Human beings have always lived in differentiated groups and it is unlikely that this will change in the foreseeable future. The interesting question is whether some groups are more war prone than others. In the context of inter-state wars, for example, are capitalist states more warlike than socialist states or vice versa? There is no clear answer to that question. Can we argue that democratic states are more peace-loving than authoritarian states? Again there is no clear answer. Although some evidence suggests that democracies do not fight each other very often, other historical evidence suggests that democracies fight just as often as other types of states. As the wars in Iraq and Afghanistan (as well as the struggle against ISIS) have shown, democratic states have also demonstrated some enthusiasm for wars of intervention in support of human rights. This current fashion for waging wars in support of liberal values does not augur well for a peaceful world.

Various observers have noted, however, that democracies seldom, if ever, fight each other. Michael Doyle, for example, has argued that liberal states are more peacefully inclined towards each other because their governments are more constrained by democratic institutions, and p. 82because they share the same democratic values. Commercial interdependence between liberal states also gives them a vested interest in peace (Doyle 1983, 1986). If Doyle and those who share his views are right, one of the conditions for peace is the spread of democracy—a trend that has gathered pace particularly since the end of the cold war. For the first time ever, almost half of the world’s governments are now democratic. The thesis that the spread of democracy will promote peace is no more than plausible, however, and it would be unwise to accept it uncritically.

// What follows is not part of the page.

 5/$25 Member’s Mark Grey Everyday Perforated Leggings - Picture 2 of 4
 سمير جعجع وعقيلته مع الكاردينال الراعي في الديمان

The Bargaining Model and the Causes of War

In contrast to social and psychological-based theories which argue that war is caused by social factors, miscalculation, or perceptual biases, the bargaining model of war sees war as a deliberate political act. Following the Clausewitzian tradition that war is a means of achieving political objectives and is not an end in itself, bargaining theorists argue that conflicts arise as a result of disagreements over scarce resources or policy choices. They argue that because war is costly, potential belligerents would prefer to reach a settlement rather than fight. However, according to the bargaining model: ‘Fighting breaks out when two sides cannot reach a bargain that both prefer to war. Each side fights to improve its chances of getting a desirable settlement of the disputed issue. The war ends when the two sides strike a bargain that both prefer to continuing the war … the duration of peace following the war reflects the willingness of both sides not to break the war-ending bargain’ (Reiter 2003: 29).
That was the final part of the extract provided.